++++ RECORDS

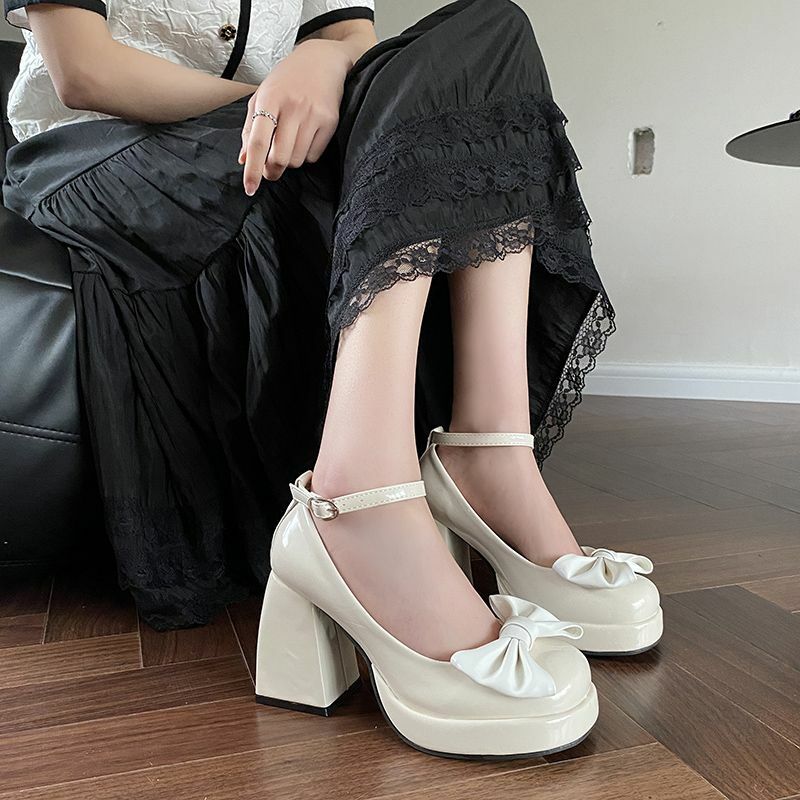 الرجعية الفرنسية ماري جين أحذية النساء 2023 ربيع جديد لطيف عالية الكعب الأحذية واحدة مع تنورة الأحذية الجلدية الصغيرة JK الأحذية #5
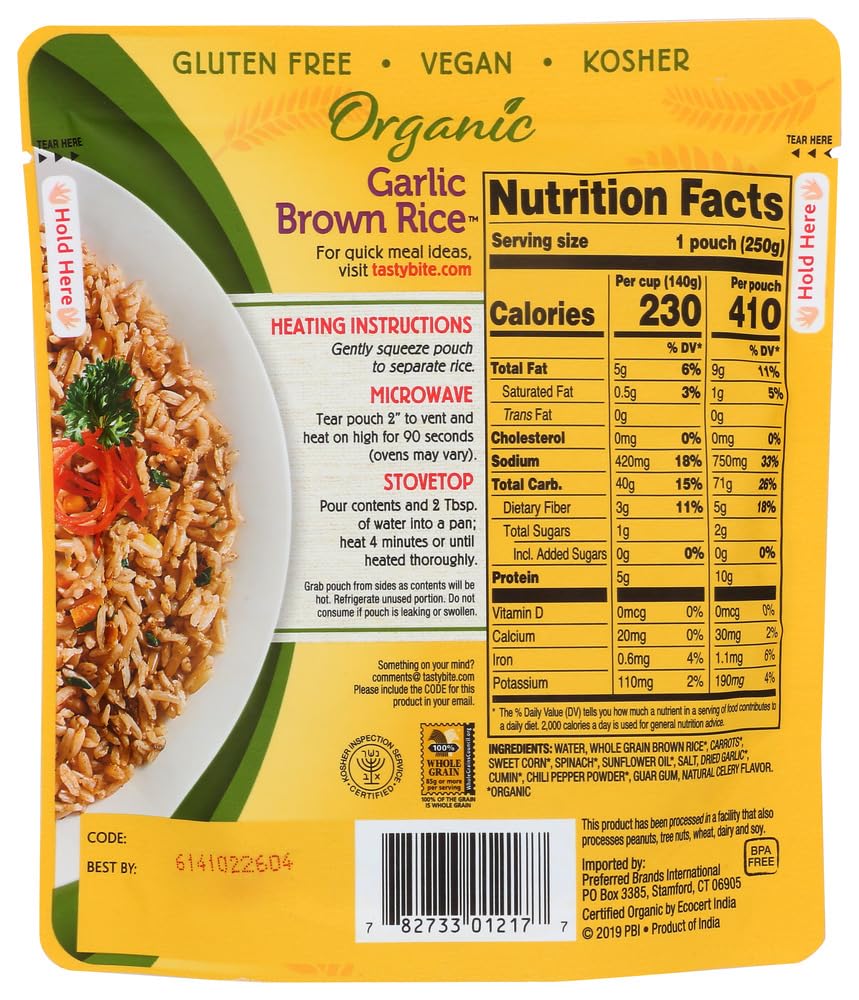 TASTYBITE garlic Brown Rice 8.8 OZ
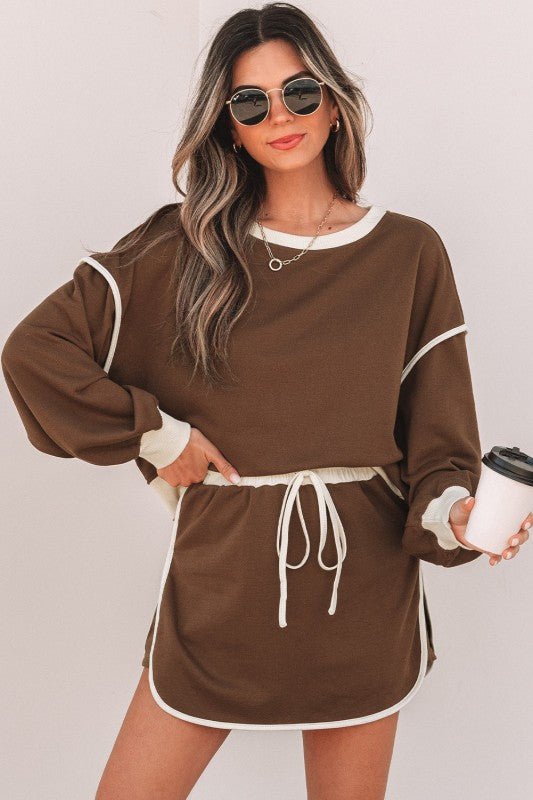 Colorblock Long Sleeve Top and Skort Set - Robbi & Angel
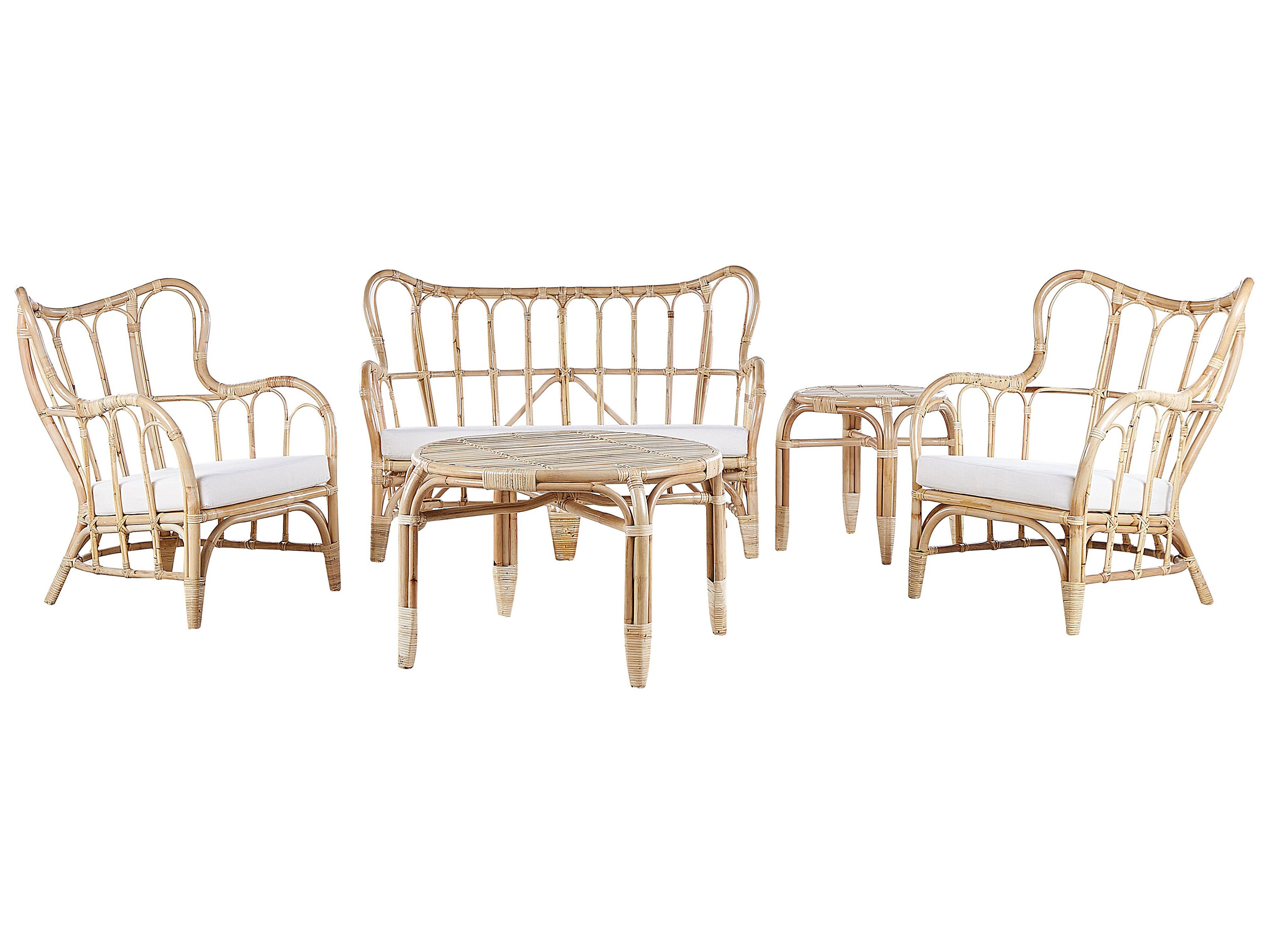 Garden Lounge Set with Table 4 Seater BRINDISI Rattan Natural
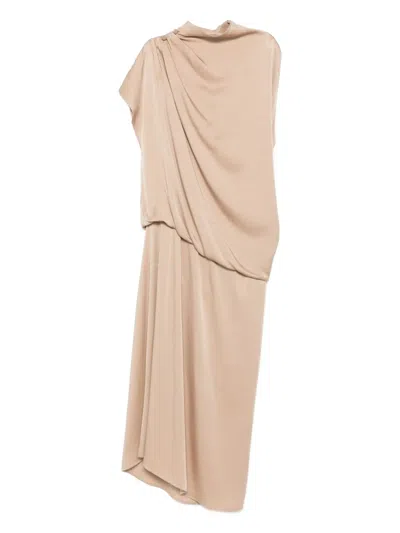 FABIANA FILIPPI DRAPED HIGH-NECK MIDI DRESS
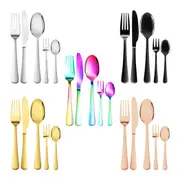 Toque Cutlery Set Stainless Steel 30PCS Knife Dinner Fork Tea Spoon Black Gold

++++++++
++++ RECORDS

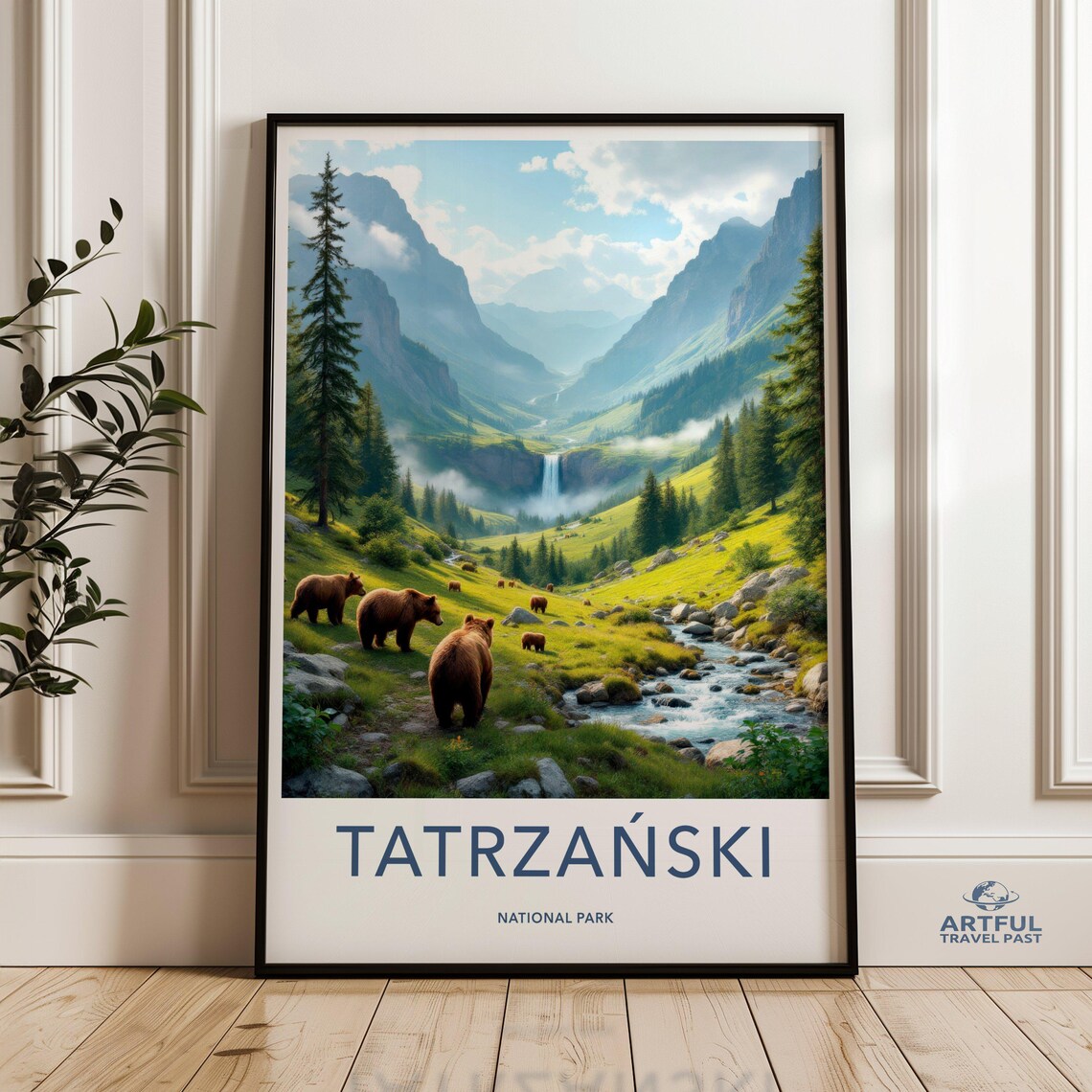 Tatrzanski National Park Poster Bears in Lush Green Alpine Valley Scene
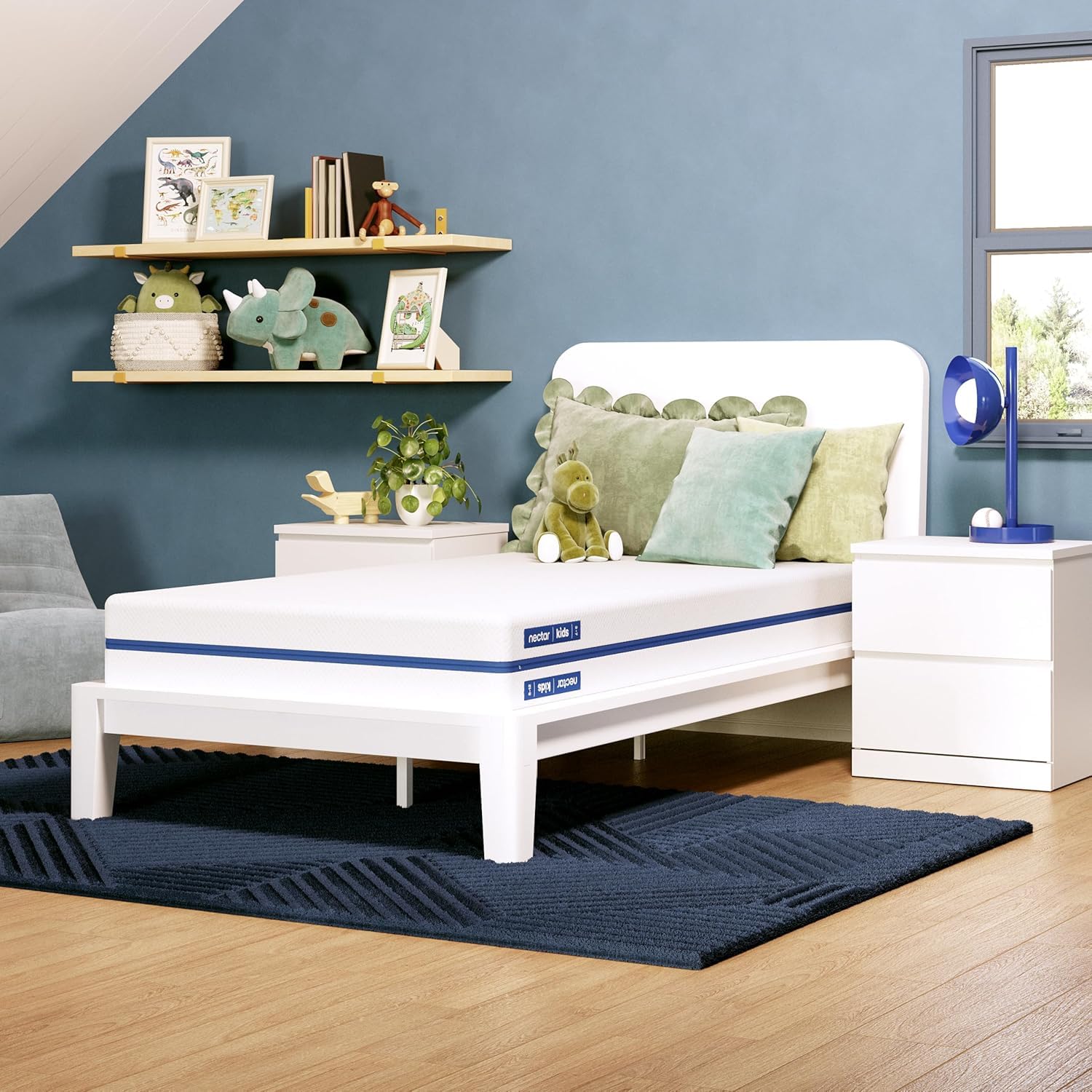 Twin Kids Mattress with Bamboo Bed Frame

++++++++

** TASK DETAILS **
I'd like the lines above repeated exactly, from the one that contains "الرجعية الفرنسية ماري" through the one that contains "Toque Cutlery Set", with no pictures.

** RESPONSE BELOW **
 الرجعية الفرنسية ماري جين أحذية النساء 2023 ربيع جديد لطيف عالية الكعب الأحذية واحدة مع تنورة الأحذية الجلدية الصغيرة JK الأحذية #5
 TASTYBITE garlic Brown Rice 8.8 OZ
 Colorblock Long Sleeve Top and Skort Set - Robbi & Angel
 Garden Lounge Set with Table 4 Seater BRINDISI Rattan Natural
 FABIANA FILIPPI DRAPED HIGH-NECK MIDI DRESS
 Toque Cutlery Set Stainless Steel 30PCS Knife Dinner Fork Tea Spoon Black Gold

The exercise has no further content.